Result: All five marked approved with a clean audit trail. No rescheduling needed — the rides won't operate that day.
Example 2: Operator out sick, safety check still required
Scenario: A 10am safety check on a critical ride is missed because the assigned operator went home sick. The ride is still operating; the check still needs to happen.
Setup: Supervisor opens Missing results, ticks the missed Slot, clicks Reschedule. Sets new time to 11:30am, scoped to a different qualified operator. Comment: "Original assignee out sick; rescheduled to next-available qualified operator."
Result: Original missed Result remains in the reporting trail. New Ad Hoc Slot generated and assigned. Compliance is preserved.
Anti-patterns to avoid
Watch out for these patterns, which quietly degrade the audit trail:
Bulk approving without comments — a "blank approval" tells future you and any auditor nothing about why the miss was OK. Always include a comment, even a brief one.

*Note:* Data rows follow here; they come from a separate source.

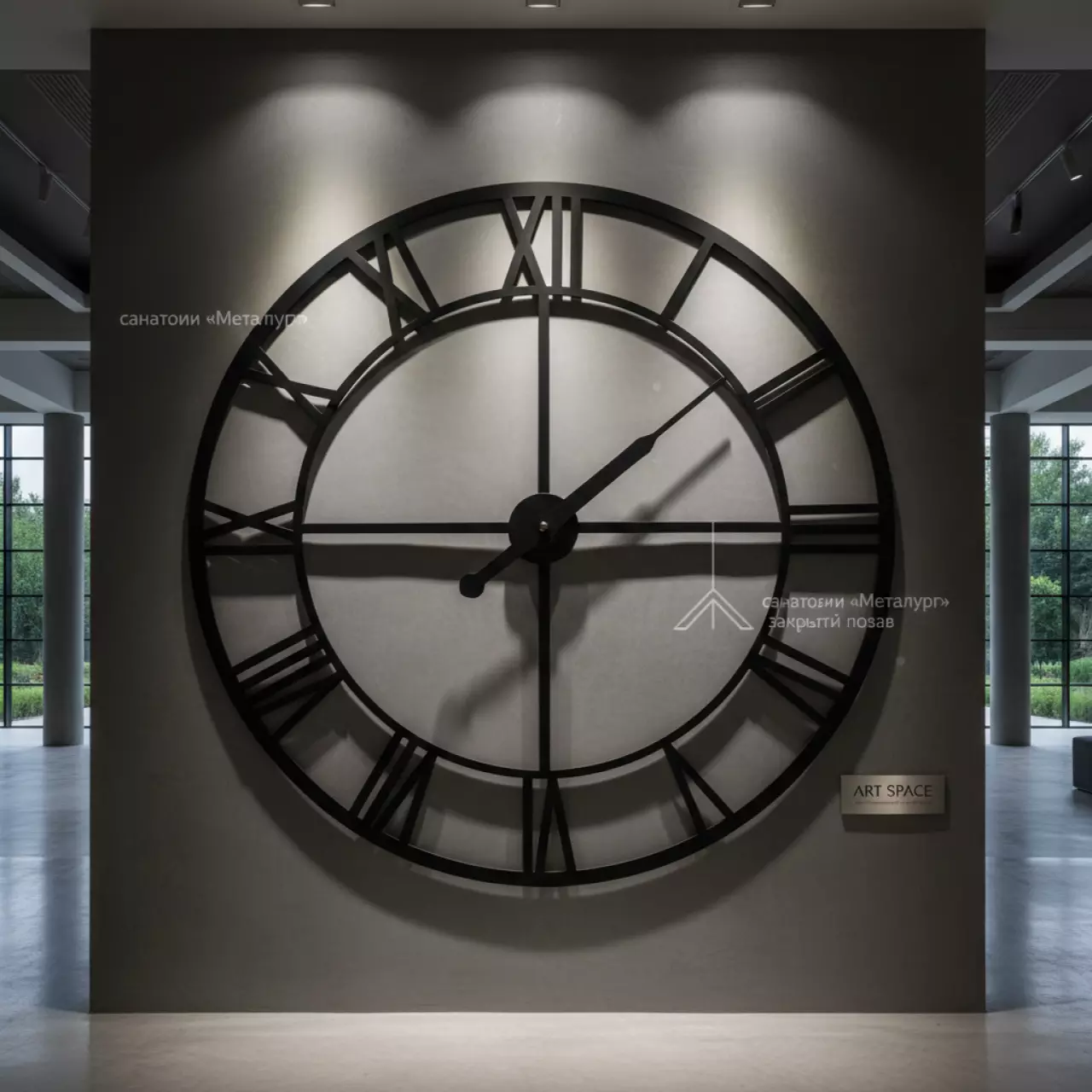 Аренда Часы декоративные Black Clock в санатории «Металлург» — ART SPACE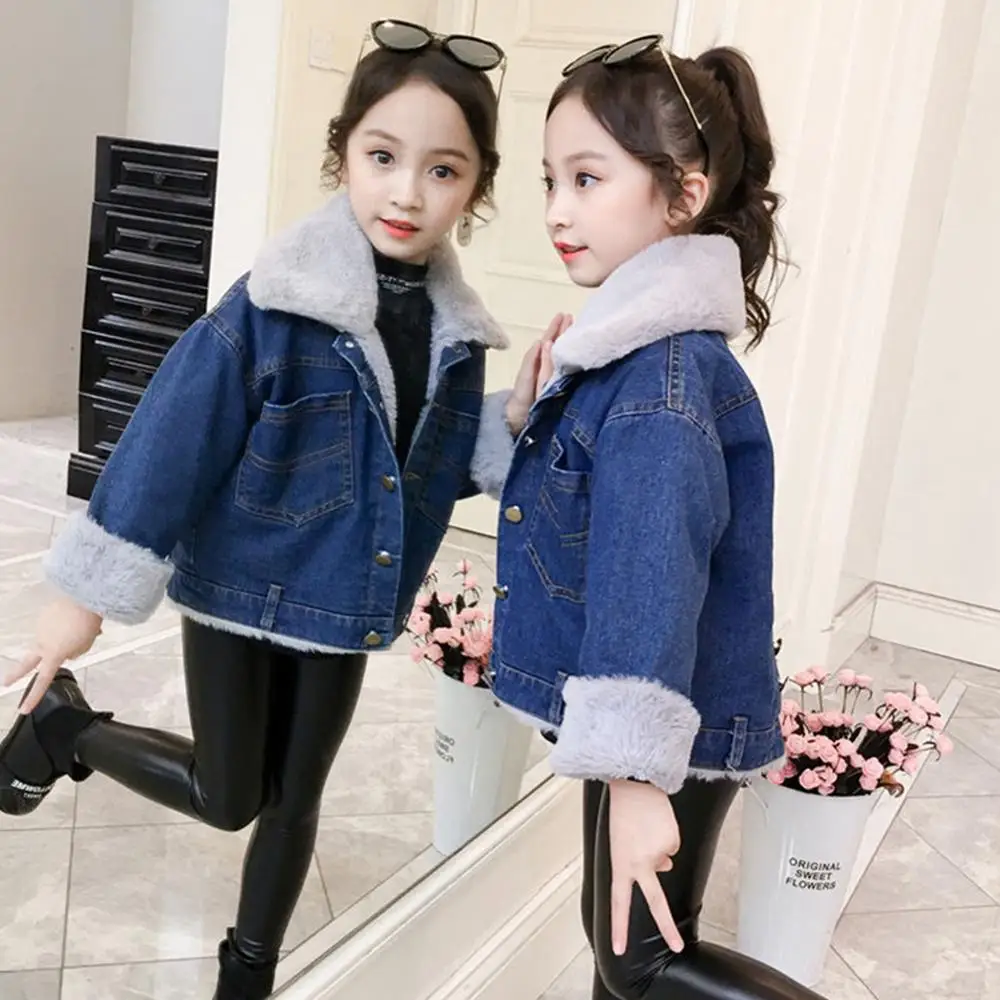 Winter jackets girls coats baby toddler girl thicken kids denim warm collar coat fashion children's clothing outerwear | Детская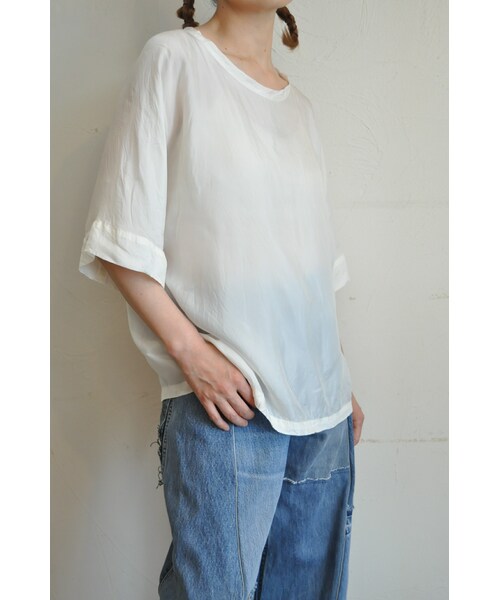 hippiness（ヒッピネス）の「キュプラルーズブラウス（シャツ/ブラウス・レディース・ベージュ/ホワイト/グリーン/ピンク/ブラック/グレー/パープル・one）」の2枚目の写真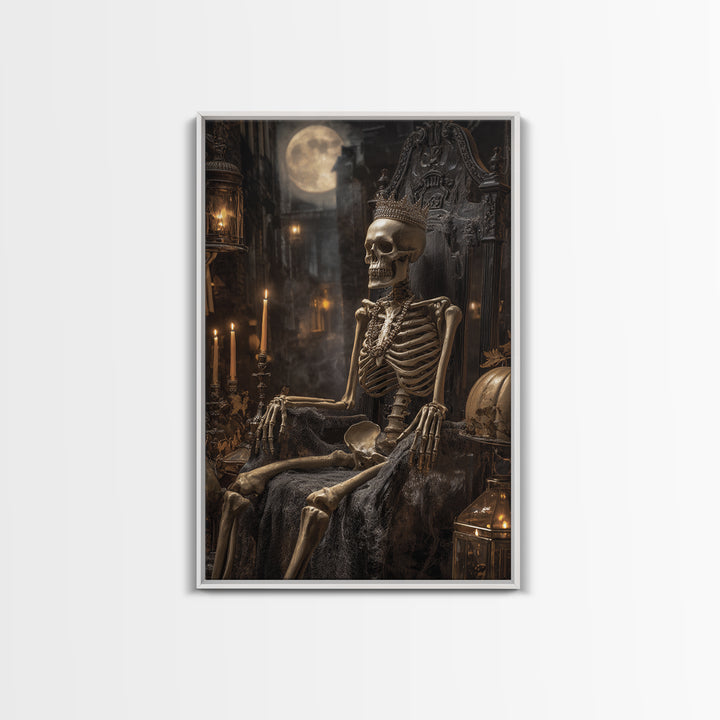 The Bone Queen, Vertical Wall Art, Dark Halloween Decor, Canvas Print, Halloween Wall Decor, Gothic Home Decor, Spooky Wall Decor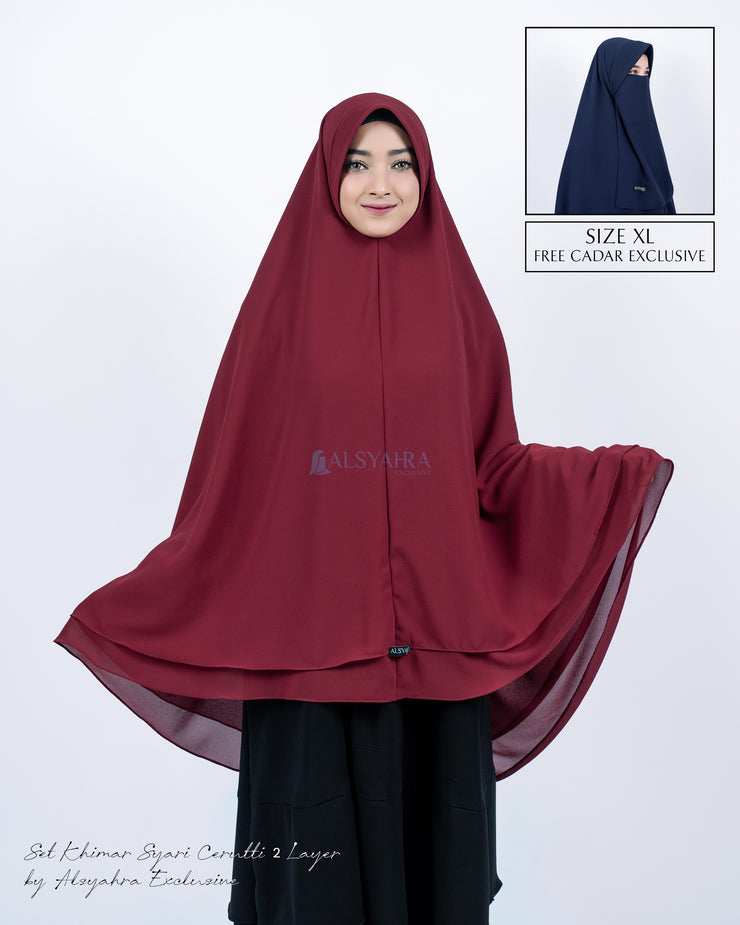 Set Khimar Syari Cerutti 2 Layer Size XL Alsyahra Exclusive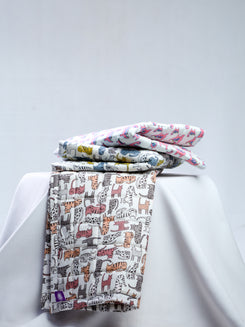 Cotton Baby Nappy Changing Mat Combo – Pack of 3 (Grey Brown Cat + Grey Yellow Cat + Pink Dino)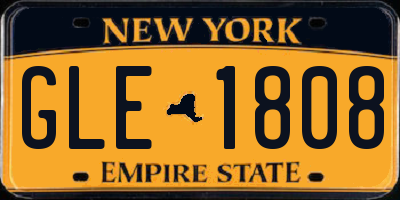 NY license plate GLE1808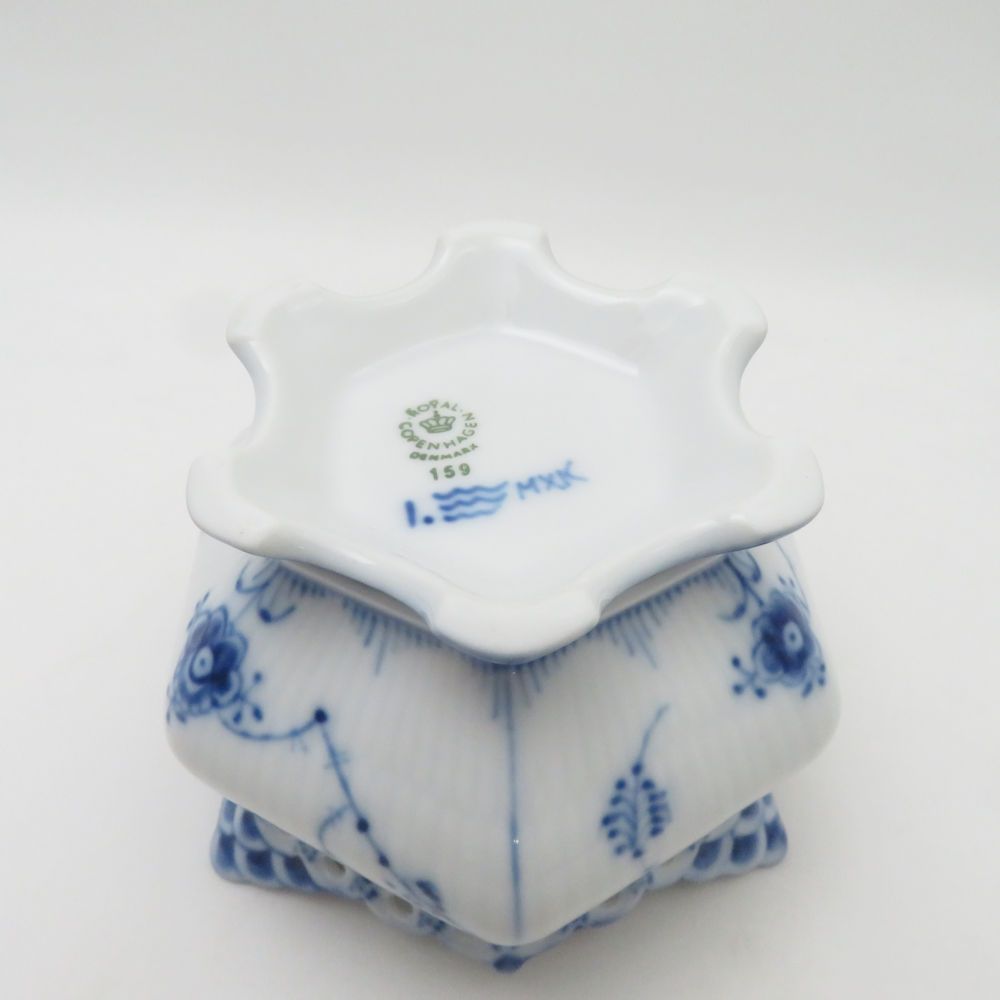 ROYAL ロイヤルコペンハーゲン ブルーフルーテッド フルレース シュガーポット 砂糖入れ 北欧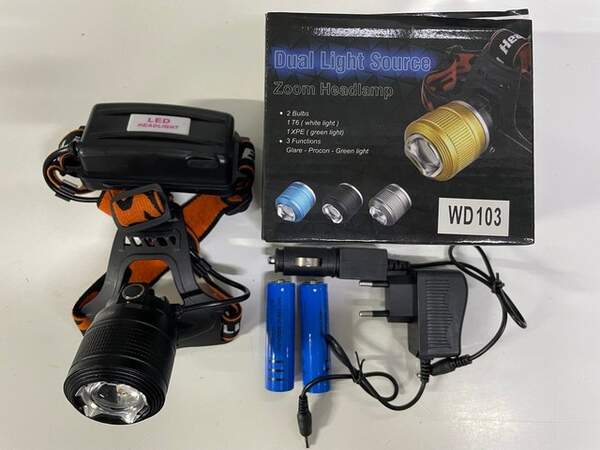 Ліхтарик налобний WD 103  T6 LED + Zoom + акумулятори/60 (шт.)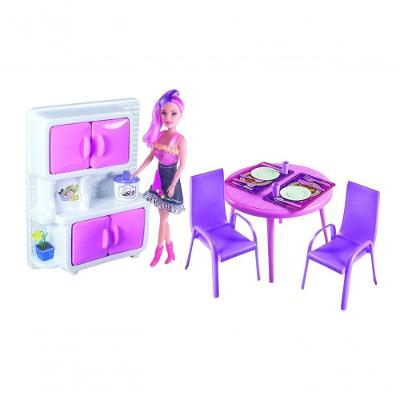 Kit de Brinquedo de Cozinha com Boneca para Brincar e Aprender Rosa Lua de Cristal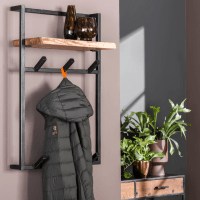 Woody kapstok metaal hoog met plank en 6 haken van het woonmerk Fraaai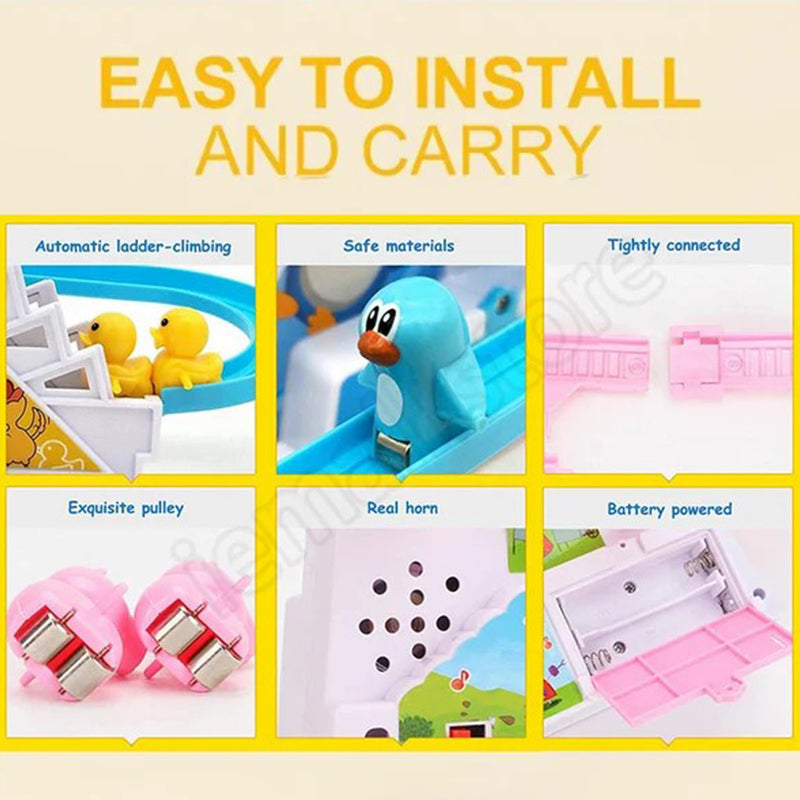 Funny Automatic Stair-Climbing Ducklings Cartoon Race Track Set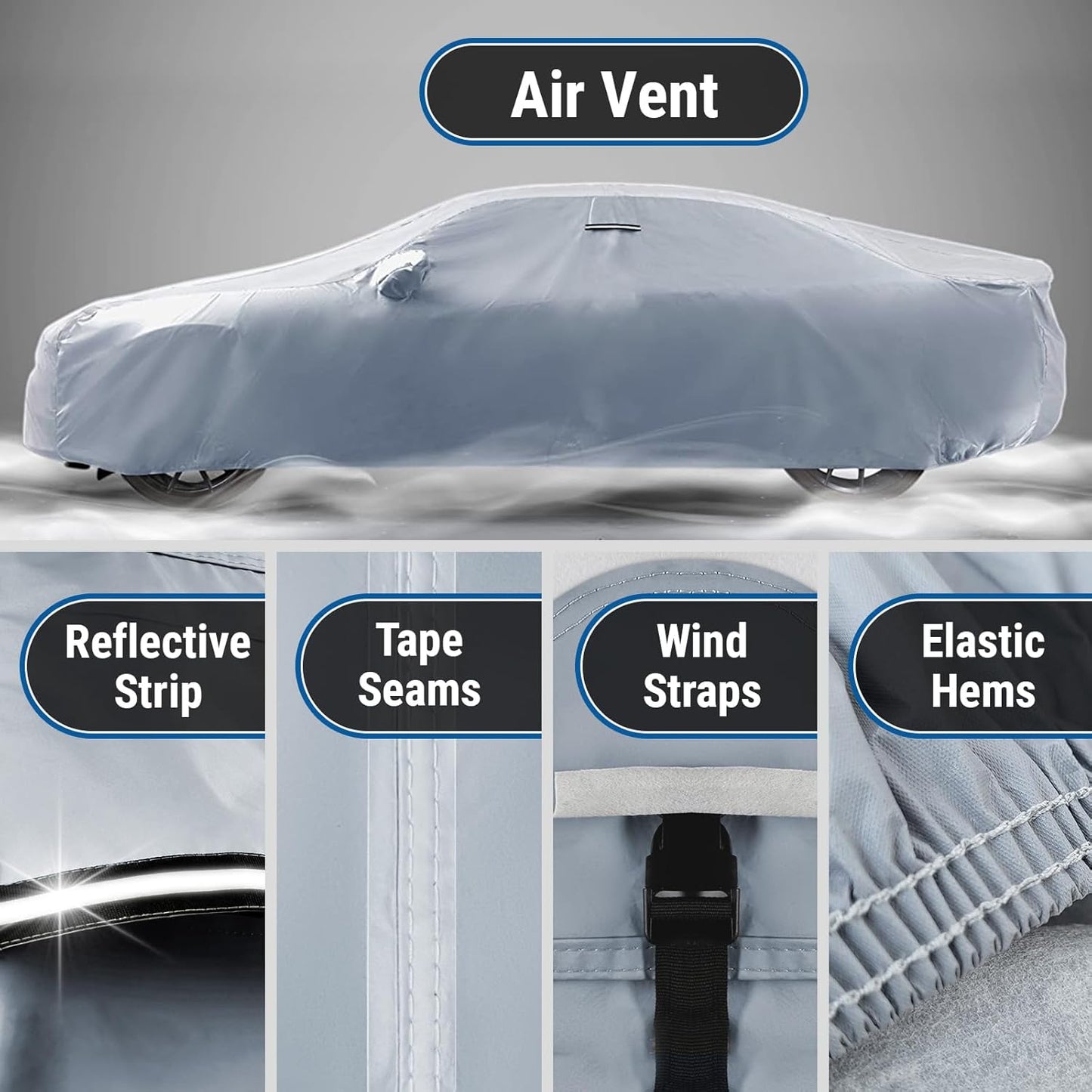iCarCover Custom Car Cover for Chevy Sonic Sedan (2012-2020) Waterproof All Weather Rain Snow UV Sun Protector Full Exterior Indoor Outdoor Car Cover (Stripe - Gray/Black)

Approving the same kind of miss repeatedly — if a Schedule produces missed Results week after week and you keep approving them, the Schedule is wrong. Fix the underlying Schedule rather than rubber-stamping misses.
Rescheduling without checking who's qualified — rescheduled Slots inherit assignment requirements (Certifications, Roles). Setting an unrealistic new time or scope just creates a second missed Result.
Approving regulatory or safety-critical misses without clear justification — these are the records auditors look at first. Approving with a generic comment ("OK") is a risk indicator. Be specific or reschedule.
See also
Schedule criticality and Location operational status — for the related concept of how missed Results on critical Schedules affect a Location's operational state.
Ad Hoc Slots — setup and behavior — for the Slot type that rescheduling creates.
Setting up Roles — for the Approve missing permission and Reviewer Role configuration.
Calendar schedules — setup and behavior — for how missed slots are produced.
Frequently asked questions
Q: Can I undo an approval?
A: Approvals create audit-trail entries that can't be silently undone. Contact your Super User or support@mobaro.com if a correction is needed — the action will be logged.
Q: Does the original missed Result disappear after rescheduling?
A: No. The original missed Result stays in the audit trail and continues to count against compliance metrics for that period. The rescheduled Ad Hoc Slot is additive, not a replacement.
Q: Can a rescheduled Slot itself be missed?
A: Yes. Ad Hoc Slots have their own deviation window. If the rescheduled Slot is missed, it goes through the same approve/reschedule flow as any other missed Result.
Q: Who can see approval comments?
A: Anyone with access to the Result. Comments are part of the audit trail — they're meant to be read.
Q: Can I approve missed Results in bulk?
A: Yes — tick multiple in the Missing results list and approve them together. The comment applies to the batch. Useful for a single common cause (weather closure, planned closure) but be careful not to lose specificity when the misses have different reasons.